Following the news that Lloyds Bank was reportedly hit with a two-day-long DDoS attack, which led to customers being unable to check their account balances or make payments. IT security experts from Corero Network Security, ZoneFox and Infoblox commented below.
“Recent service interruptions reportedly experienced by Lloyds Bank customers are just another example of the challenges faced by today’s online businesses. Consumer expectations of 24×7 service availability have created a genuine risk of lost revenue and lasting reputation damage, as a result of a DDoS attack which means the stakes are just too high to ignore.
“Best practices around resilient local, and wide-area, network design are well understood and typically implemented as a matter of course. However, the rapid pace at which the cyber threat landscape is evolving often leaves organisations unsure of where best to invest their available security budget. As DDoS has become a significant and worrying resurgence over recent years, organisations now need to ensure this targeted threat is considered as part of their risk profiling. Where every minute offline can be easily equated to significant amounts of lost revenue, and brand damage, the cost of protection is easily justified.
“Protecting against modern DDoS attacks, requires an always-on solution, which can react to attacks in true real-time, surgically removing the attack traffic, and ensuring legitimate traffic can proceed uninterrupted – only then, can services stay online, all the time.”
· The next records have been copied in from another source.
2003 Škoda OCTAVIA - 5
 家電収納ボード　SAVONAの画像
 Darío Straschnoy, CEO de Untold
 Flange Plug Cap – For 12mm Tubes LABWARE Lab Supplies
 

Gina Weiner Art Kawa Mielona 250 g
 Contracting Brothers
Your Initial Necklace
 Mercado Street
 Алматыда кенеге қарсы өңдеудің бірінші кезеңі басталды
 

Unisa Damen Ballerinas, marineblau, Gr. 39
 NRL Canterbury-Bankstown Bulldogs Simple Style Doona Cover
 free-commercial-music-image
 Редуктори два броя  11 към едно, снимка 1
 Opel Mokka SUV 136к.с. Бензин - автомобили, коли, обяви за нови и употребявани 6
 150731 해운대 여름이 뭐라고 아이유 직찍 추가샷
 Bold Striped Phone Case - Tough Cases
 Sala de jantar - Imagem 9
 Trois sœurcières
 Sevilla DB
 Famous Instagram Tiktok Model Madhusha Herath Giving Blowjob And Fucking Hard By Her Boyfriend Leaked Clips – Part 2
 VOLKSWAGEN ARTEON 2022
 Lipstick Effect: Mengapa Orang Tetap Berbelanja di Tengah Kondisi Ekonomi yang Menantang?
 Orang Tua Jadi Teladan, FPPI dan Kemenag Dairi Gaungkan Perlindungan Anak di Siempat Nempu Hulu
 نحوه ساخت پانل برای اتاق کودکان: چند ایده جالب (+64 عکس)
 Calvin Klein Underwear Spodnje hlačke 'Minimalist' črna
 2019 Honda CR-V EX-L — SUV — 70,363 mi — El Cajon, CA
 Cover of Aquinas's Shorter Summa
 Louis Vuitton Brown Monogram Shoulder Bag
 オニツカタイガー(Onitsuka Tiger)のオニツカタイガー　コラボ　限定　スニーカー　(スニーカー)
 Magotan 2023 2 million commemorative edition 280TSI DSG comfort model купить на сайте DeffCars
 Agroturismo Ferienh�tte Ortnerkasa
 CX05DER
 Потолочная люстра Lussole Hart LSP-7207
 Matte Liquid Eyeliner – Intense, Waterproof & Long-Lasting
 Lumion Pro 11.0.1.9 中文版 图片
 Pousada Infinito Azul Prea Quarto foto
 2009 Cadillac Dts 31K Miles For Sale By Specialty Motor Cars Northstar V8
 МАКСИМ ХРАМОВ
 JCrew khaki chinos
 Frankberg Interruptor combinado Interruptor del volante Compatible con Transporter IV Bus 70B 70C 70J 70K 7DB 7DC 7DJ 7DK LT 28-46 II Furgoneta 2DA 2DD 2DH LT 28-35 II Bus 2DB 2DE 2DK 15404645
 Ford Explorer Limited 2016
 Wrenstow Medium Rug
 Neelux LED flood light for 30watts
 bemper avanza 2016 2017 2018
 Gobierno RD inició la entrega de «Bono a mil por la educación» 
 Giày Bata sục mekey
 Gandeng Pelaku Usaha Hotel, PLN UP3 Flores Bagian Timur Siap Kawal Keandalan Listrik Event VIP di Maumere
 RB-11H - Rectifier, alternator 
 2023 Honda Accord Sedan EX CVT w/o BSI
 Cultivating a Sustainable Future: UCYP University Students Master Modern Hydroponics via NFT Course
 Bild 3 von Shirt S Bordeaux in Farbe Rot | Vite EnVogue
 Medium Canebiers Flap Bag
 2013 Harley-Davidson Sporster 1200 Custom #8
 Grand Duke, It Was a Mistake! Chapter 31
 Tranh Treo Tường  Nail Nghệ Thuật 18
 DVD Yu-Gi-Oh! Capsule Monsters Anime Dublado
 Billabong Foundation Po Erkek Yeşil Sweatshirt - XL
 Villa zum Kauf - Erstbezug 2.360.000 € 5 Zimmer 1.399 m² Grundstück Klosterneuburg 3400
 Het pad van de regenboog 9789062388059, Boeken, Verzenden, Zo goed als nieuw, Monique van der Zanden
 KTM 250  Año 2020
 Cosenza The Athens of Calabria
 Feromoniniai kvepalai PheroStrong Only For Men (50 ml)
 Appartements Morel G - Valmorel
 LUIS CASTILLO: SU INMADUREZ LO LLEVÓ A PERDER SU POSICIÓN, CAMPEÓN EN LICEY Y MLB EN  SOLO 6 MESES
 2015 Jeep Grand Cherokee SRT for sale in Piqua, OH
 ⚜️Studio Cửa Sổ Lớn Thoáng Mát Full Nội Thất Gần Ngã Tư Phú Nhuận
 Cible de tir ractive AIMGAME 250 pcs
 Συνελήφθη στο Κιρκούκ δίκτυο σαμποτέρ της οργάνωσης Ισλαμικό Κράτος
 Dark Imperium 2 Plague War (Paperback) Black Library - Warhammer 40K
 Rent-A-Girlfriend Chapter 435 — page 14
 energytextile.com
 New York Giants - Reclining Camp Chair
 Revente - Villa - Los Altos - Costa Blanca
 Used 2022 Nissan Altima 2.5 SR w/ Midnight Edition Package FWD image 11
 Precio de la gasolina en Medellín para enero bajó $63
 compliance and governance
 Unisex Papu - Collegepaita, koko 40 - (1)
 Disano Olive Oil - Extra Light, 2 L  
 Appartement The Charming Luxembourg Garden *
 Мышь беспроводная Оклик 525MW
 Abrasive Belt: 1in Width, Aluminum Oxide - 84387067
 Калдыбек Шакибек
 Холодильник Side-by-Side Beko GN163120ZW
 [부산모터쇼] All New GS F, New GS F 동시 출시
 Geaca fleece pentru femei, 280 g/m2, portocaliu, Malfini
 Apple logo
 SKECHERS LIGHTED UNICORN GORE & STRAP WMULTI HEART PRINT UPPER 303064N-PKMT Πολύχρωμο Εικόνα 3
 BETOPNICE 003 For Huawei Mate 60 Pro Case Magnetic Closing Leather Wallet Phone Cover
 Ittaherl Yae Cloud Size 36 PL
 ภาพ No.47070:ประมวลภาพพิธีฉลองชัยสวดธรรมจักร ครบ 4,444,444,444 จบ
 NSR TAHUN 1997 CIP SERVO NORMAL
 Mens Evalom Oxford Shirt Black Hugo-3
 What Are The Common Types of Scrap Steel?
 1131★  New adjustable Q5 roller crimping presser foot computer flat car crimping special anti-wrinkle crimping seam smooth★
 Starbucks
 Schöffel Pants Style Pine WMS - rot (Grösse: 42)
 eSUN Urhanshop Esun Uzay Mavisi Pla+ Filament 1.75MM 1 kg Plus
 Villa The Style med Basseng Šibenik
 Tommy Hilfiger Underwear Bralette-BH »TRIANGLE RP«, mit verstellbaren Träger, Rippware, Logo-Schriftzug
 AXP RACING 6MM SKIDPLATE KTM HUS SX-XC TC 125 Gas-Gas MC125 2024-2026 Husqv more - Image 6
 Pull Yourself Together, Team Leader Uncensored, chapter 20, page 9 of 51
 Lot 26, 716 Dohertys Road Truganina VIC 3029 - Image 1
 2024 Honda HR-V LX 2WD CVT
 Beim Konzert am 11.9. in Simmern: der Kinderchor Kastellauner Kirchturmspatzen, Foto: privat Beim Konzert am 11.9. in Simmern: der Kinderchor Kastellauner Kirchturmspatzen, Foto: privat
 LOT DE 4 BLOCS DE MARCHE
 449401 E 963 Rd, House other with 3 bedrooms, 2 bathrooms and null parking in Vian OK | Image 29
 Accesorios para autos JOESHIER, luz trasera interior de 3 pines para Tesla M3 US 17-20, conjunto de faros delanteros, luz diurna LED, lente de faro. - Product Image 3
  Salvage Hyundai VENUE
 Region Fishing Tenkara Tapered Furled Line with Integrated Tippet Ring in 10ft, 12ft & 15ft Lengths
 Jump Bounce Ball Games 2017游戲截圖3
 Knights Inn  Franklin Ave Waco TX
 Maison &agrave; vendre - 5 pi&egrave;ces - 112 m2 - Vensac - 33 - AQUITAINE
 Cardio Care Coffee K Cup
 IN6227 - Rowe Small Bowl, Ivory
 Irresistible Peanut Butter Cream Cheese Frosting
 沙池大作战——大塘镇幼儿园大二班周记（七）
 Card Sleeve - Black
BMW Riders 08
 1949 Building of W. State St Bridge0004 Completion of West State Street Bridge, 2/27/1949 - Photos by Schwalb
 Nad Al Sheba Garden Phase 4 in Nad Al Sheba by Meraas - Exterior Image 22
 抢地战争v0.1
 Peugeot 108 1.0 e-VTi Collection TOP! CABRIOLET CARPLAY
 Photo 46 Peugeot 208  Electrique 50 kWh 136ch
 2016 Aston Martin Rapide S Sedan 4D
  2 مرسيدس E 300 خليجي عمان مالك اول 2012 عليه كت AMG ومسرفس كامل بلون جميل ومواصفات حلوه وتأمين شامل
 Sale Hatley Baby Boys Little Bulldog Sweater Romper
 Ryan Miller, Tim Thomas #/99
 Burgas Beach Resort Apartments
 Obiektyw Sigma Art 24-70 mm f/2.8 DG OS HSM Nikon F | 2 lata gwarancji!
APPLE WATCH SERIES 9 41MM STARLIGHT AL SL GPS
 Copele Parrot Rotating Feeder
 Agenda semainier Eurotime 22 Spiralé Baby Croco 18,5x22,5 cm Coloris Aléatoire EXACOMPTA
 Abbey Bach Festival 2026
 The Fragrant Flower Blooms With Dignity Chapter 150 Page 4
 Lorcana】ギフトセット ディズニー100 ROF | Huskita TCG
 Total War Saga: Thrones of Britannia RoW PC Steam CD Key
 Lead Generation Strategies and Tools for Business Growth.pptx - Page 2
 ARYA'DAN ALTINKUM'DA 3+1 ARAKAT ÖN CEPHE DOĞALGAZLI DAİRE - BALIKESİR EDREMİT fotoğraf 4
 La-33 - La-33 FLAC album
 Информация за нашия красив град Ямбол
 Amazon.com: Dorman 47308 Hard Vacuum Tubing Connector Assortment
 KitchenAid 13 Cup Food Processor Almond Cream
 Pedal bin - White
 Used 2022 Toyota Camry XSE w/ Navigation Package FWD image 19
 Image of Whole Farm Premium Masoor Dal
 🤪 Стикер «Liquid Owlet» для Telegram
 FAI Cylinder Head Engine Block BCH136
“While there aren’t any clear signs that the recent attack was aided from an inside source, complacency is not a viable excuse when it comes to delivering a robust cyber security strategy. It would be advisable for a company the size of Lloyds Bank to utilise User Behaviour Analytics (UBA) to deliver rapid insights and complete transparency on user activity and data flow. If the attacks are being used as a smokescreen for further criminal activity, UBA will prove invaluable and actionable information to defend the organisation against any further setbacks.”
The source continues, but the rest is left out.